Читаем Жак Лакан: введение полностью

Еще большая парадоксальность фантазии заключается в том, что это не просто нечто ригидное и часто повторяемое, но каждый субъект еще и организован вокруг какой-то одной фантазии. Эту одну структурирующую фантазию Лакан называл фундаментальной. Фундаментальная фантазия субъекта ригидна, вокруг нее выстроено его желание, она структурирует его желание, структурирует его взаимодействие с Другим, с желанием Другого. Фундаментальная фантазия определяет то базовое положение, в котором субъект находится в отношении Другого.

Если говорить о лакановский терапии, то один из важных ее элементов заключается в выявлении фундаментальной фантазии субъекта. В определении того, как субъект себя ставит в отношении Другого, как он/она ставит себя в отношении желания/требования/наслаждения Другого и, соответственно, как он с этим желанием/требованием/наслаждением взаимодействует. Он фрустрирует желание Другого, он отрицает это желание и т. д. После выявления эта фундаментальная фантазия может быть изменена – формат отношений субъекта с Другим может быть перестроен. В лакановском подходе этот момент называется «перейти через» или «перейти за» фантазию (фантазм). Формулы конкретных фундаментальных фантазий могут быть разными. У обсессивной структуры она одна, у истерической – вторая, у первертной – третья[108] и т. д.

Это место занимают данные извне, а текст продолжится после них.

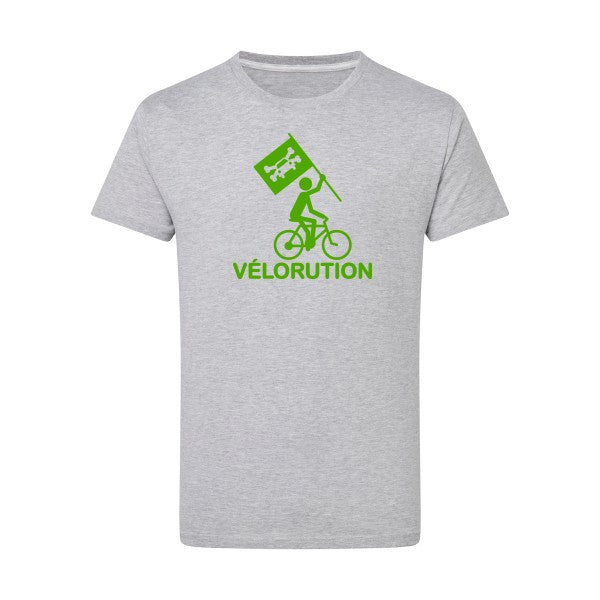 Vélorution - Flex Vert pomme Tshirt original Light Oxford  5XL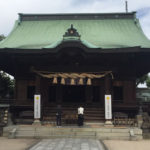 福岡県久留米市に鎮座する水天宮の拝殿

Идея фундаментальной фантазии и ее преодоления, выхода за ее пределы связана с концепцией разных метафор субъекта. На рисунке 44 видны основные метафоры субъективности.

Метафора, напоминаю, это про вытеснение одного другим. В рамках начальной метафоры (слева) субъект имеет дело с требованием другого. Другой что-то от него/нее хочет, что-то конкретное, и субъект как бы вытеснен, отодвинут на задний план этим требованием Другого. Он воспринимает себя как того, кто должен это требование Другого исполнить, дать этому Другому что-то такое, что Другой от него хочет. Или, наоборот, не дать ему этого, фрустрировать его.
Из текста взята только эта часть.